Britain urged to beat carbon goal by two decades
BRITAIN’S power network could remove more carbon than it emits into the atmosphere by 2033 if it embraces renewable energy and tech that captures and stores greenhouse gases, the National Grid has said.
The country is edging closer to a more sustainable future and could go carbon-negative in 13 years, the Grid said.
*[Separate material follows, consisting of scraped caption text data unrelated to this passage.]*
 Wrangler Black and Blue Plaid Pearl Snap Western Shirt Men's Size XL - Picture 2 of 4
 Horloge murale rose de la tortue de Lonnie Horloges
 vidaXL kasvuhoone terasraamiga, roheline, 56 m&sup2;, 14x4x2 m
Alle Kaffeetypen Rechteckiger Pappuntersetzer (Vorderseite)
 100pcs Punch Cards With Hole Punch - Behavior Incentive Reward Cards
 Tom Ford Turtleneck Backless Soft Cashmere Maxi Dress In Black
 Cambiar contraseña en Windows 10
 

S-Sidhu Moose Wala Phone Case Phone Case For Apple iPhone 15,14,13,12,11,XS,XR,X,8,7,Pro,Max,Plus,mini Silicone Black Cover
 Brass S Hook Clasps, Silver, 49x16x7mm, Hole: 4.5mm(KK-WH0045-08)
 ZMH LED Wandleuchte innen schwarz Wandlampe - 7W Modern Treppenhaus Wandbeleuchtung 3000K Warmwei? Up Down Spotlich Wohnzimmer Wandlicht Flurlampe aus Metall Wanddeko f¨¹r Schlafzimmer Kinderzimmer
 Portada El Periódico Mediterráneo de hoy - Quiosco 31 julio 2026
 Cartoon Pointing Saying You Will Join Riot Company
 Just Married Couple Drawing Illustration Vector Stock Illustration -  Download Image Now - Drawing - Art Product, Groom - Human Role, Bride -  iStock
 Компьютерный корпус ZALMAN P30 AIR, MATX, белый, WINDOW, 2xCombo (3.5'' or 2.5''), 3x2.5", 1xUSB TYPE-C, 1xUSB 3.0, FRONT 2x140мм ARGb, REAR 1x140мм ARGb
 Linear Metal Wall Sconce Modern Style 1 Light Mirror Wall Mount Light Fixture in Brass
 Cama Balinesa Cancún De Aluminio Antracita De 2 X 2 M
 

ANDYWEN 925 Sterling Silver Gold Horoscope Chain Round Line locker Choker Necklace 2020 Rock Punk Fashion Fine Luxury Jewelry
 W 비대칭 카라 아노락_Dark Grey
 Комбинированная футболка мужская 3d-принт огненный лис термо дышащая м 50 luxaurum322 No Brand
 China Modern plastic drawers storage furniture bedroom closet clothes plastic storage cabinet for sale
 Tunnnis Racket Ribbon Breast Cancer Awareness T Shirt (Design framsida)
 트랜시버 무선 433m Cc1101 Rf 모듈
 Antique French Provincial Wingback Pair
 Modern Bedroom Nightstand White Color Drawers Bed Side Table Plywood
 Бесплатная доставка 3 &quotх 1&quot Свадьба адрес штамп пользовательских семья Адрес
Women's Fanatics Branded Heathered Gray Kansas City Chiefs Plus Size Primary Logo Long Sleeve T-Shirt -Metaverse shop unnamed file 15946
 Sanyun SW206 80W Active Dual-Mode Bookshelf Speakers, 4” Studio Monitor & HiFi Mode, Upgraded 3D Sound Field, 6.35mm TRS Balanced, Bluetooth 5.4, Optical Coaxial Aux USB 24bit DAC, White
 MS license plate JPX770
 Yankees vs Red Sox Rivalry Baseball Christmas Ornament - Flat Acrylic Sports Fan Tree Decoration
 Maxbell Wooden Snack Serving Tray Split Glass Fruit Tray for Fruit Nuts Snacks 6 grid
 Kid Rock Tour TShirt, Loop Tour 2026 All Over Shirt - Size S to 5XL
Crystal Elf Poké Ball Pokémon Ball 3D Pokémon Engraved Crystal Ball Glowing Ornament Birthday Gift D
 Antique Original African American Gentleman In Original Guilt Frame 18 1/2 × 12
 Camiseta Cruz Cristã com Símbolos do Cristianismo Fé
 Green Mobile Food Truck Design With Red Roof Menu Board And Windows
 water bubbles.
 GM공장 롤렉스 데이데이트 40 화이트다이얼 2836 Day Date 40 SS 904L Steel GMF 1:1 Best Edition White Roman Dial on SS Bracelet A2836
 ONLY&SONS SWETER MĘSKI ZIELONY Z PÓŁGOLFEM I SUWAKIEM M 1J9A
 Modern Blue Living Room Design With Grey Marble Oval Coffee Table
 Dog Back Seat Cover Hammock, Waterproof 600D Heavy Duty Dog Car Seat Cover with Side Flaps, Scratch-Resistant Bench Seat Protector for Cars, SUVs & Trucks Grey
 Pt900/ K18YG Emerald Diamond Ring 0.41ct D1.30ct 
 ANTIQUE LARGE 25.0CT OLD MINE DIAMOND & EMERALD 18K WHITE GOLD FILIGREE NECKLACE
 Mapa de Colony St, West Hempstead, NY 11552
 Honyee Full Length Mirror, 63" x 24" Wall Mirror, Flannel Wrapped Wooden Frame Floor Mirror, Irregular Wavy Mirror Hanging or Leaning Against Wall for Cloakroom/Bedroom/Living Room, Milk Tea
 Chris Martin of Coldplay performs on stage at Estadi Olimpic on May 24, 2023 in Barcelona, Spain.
It is hoping for a drastic reduction in electricity use at home through efficiency measures and a drop-off in carbon emissions from road transport as more drivers use electric vehicles, cycle, or get the bus and train.
Introducing more low-carbon electricity from renewable sources such as wind farms and scrapping natural gas boilers will be essential to achieving net zero emissions, the company also says, as will focusing on carbon capture technology which removes pollutants from the air and stores them underground or elsewhere.
Hitting this target by 2033 would put the National Grid nearly two decades ahead of ministers’ ambition to go net zero by 2050. It will require an extra 30m electric vehicles on the road, putting them in 80pc of homes, with nearly 8m traditional boilers replaced by next-generation heat pumps that draw warmth from the outside air or ground.
Under a more pessimistic scenario, the Grid suggests that it might fail to reach net zero by 2050 if sweeping changes are not implemented soon.
Mark Herring, of National Grid, said: “Across all scenarios, we see growth in renewable energy generation, including significant expansion in installed offshore wind capacity.”